I traveled between Oakland and San Francisco more than once during my recent visit, each time but one taking a BART train, which is quite convenient. But on that Friday, I wanted to take the ferry to SF. The day was clear and warm, just right for a quick trip across the Bay.
Got a good view of downtown Oakland from the back of the ferry.
Along with a look at the port of Oakland and its infrastructure.
Interestingly, BART is above ground after it crosses over to western Oakland, so you can see the port — the same vast array of towers and containers — from the land as well.
Fairly close to the end of the run, the ferry passes under the San Francisco-Oakland Bay Bridge.
In the tourist imagination, it’s the neglected cousin of the Golden Gate Bridge, dating from the 1930s as well. Tourist shops still sell postcards near Fisherman’s Wharf, and I had an opportunity to look at some of their racks. The Golden Gate Bridge is a common image, maybe the most common for cards of San Francisco. The Bay Bridge? Very few.
What the bridge needs is a little color. Painting the entire thing a new color would probably be cost prohibitive, but what about painting the central anchor between the two spans of the western section of the bridge (between Yerba Buena Is. and downtown San Francisco)?
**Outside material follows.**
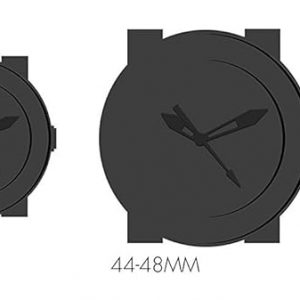 SEIKO Automatic Watch for Men 5-7S Collection - with Day/Date Calendar, Luminous Hands, Stainless Steel Case & Bracelet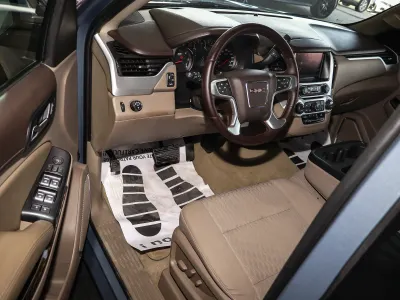 2016 GMC Yukon SLE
Or maybe hiring some big-deal artist to put a highly visible work on it. The anchor is pretty dowdy as it is.
Also, name the bridge after the Emperor Norton. After all, in a series of far-sighted decrees in the late 19th century, Norton I ordered that a bridge be built in that very spot.
The first such decree, in 1872:
Whereas, we observe that certain newspapers are agitating the project of bridging the Bay; and whereas, we are desirous of connecting the cities of San Francisco and Oakland by such means; now, therefore, we, Norton I, Dei gratia Emperor… order that the bridge be built from Oakland Point to Telegraph Hill, via Goat Island [Yerba Buena].
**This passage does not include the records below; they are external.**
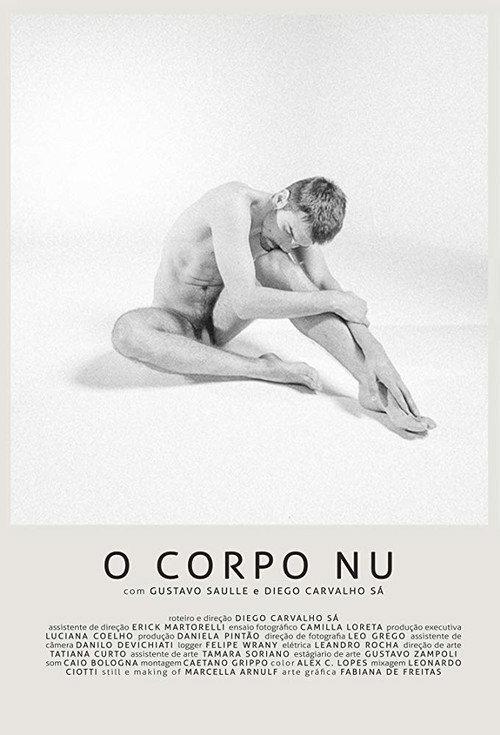 The Naked Body 2015 official movie poster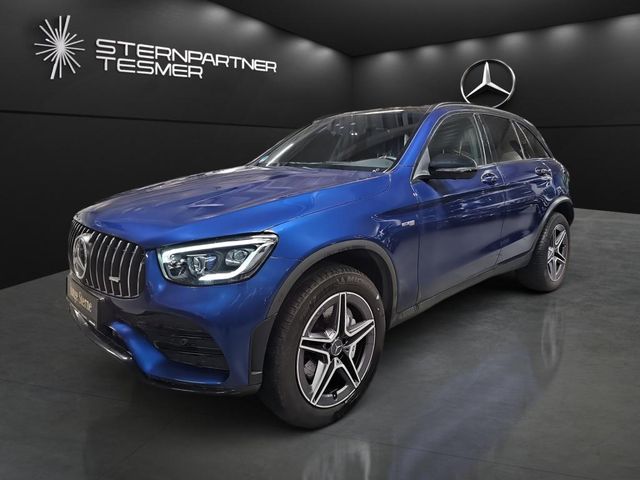 Mercedes-Benz GLC 43 4M AMG MBUX+PANO+DIST+TOT+BEAM+NIGHT+StHz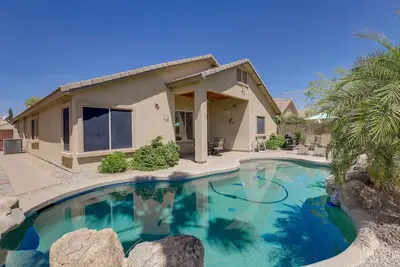 Image de Near Golfing: Avondale Home w/ Heated Pool!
There were three such proclamations.
A naming hasn’t happened yet, but the good people of the Emperor Norton Trust are working on it.
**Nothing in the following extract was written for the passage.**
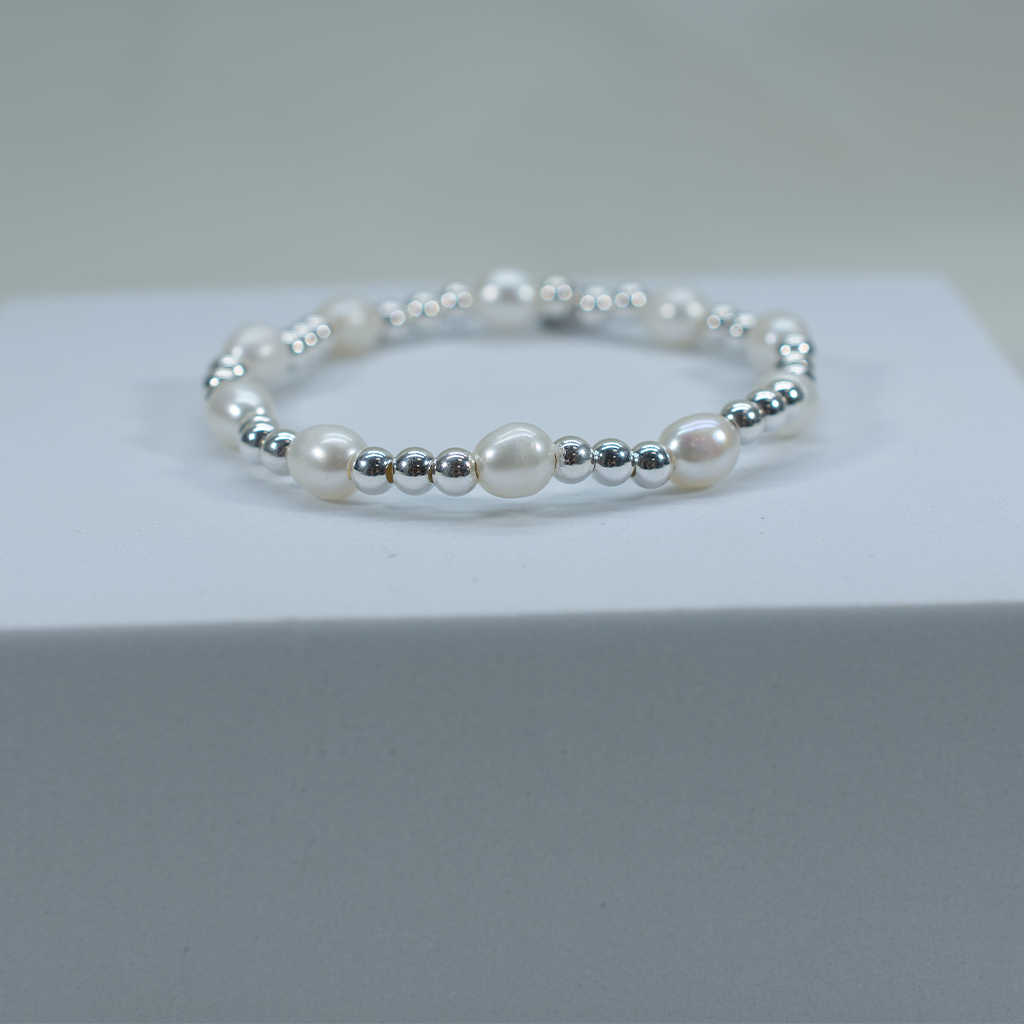 Ocean Avenue Beaded Bracelet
The ferry takes you to the Ferry Building, fittingly enough, along the Embarcadero, with its handsome clocktower, a late 19th-century design (but after Norton’s time) by A. Page Brown. The clocktower is reportedly patterned after the 12th-century Giralda bell tower in Seville, Spain.
The Ferry Building interior is also handsome, sporting a large food hall, the creation of an early 21st-century restoration of the building. Unfortunately, my pancake brunch meant I had no appetite to try anything there.
“Opening in 1898, the Ferry Building became the transportation focal point for anyone arriving by train,” the building’s web site says.
“From the Gold Rush until the 1930s, arrival by ferryboat became the only way travelers and commuters – except those coming from the Peninsula – could reach the city. Passengers off the boats passed through an elegant two-story public area with repeating interior arches and overhead skylights. At its peak, as many as 50,000 people a day commuted by ferry.”
For years, the Embarcadero Freeway obscured the view of the building. No wonder I didn’t remember seeing it before. Why did anyone think building a freeway in front of this building and part of the Embarcadero was a good idea? Well, Nature took care of that bad idea in 1989.